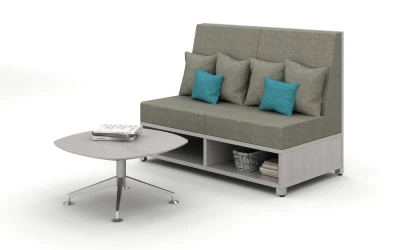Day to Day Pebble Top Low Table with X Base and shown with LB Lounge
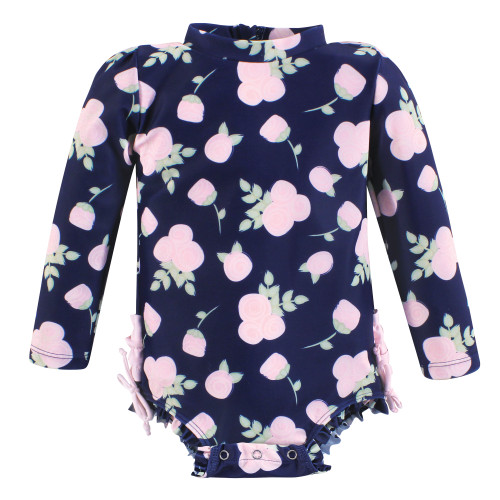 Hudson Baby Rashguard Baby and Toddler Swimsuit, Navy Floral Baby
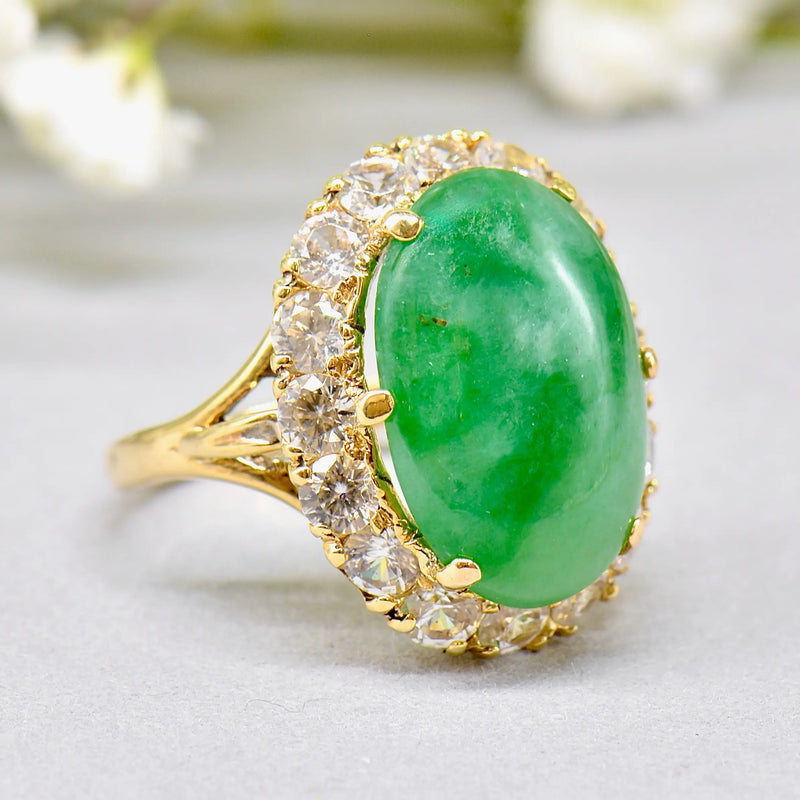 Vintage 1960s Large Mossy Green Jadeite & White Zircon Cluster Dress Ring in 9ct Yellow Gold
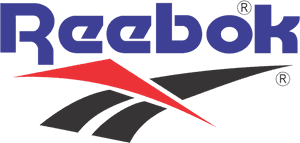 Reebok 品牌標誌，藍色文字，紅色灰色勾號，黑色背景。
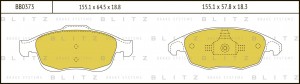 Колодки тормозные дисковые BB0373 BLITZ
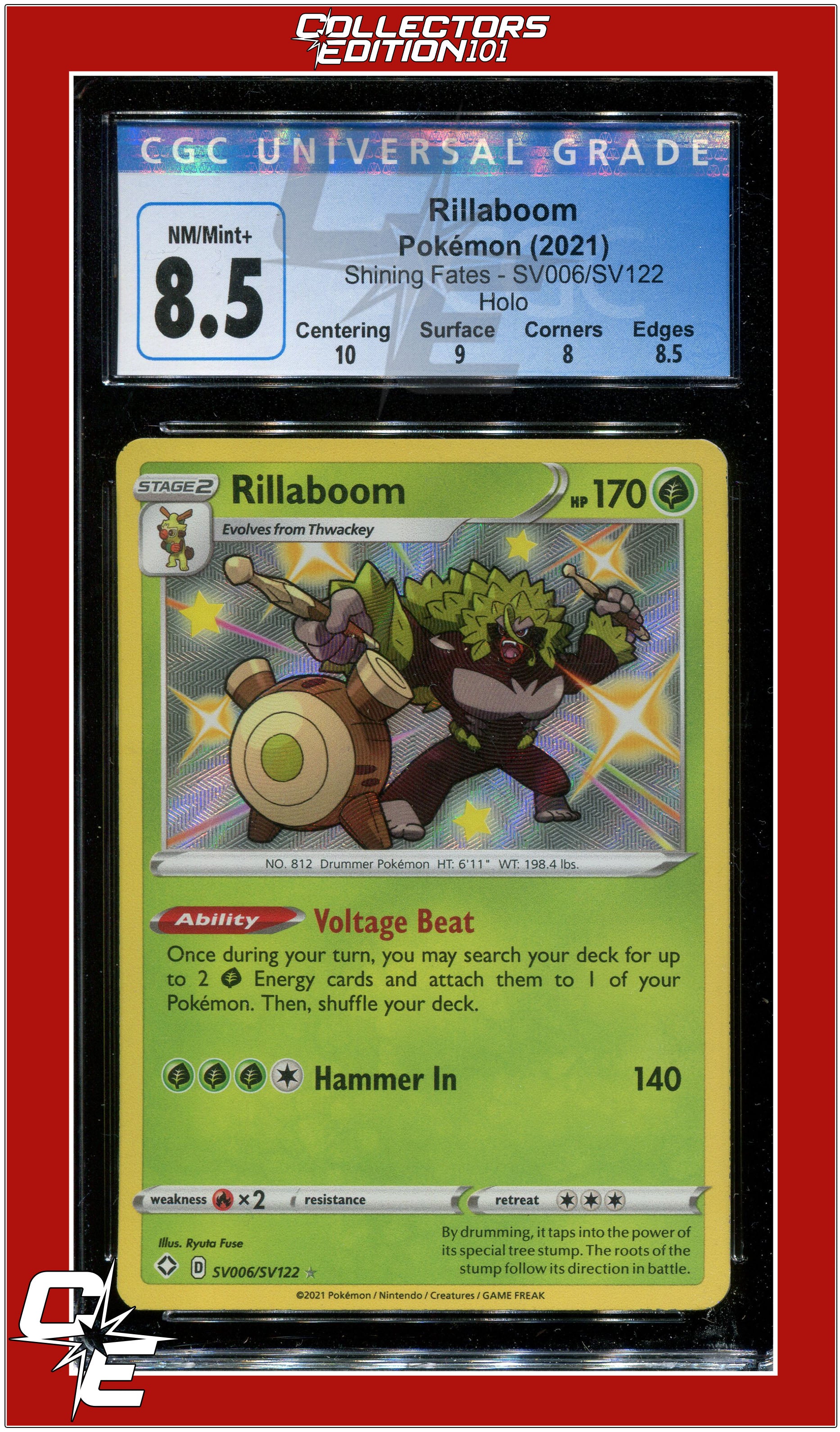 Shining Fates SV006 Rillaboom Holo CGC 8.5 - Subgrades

----------

* **Exercise goal**
All of the lines above should be printed exactly, minus the pictures.

* **Output of the exercise**
Day to Day Pebble Top Low Table with X Base and shown with LB Lounge
 Hudson Baby Rashguard Baby and Toddler Swimsuit, Navy Floral Baby
 Vintage 1960s Large Mossy Green Jadeite & White Zircon Cluster Dress Ring in 9ct Yellow Gold
 Reebok 品牌標誌，藍色文字，紅色灰色勾號，黑色背景。
 Колодки тормозные дисковые BB0373 BLITZ
 Shining Fates SV006 Rillaboom Holo CGC 8.5 - Subgrades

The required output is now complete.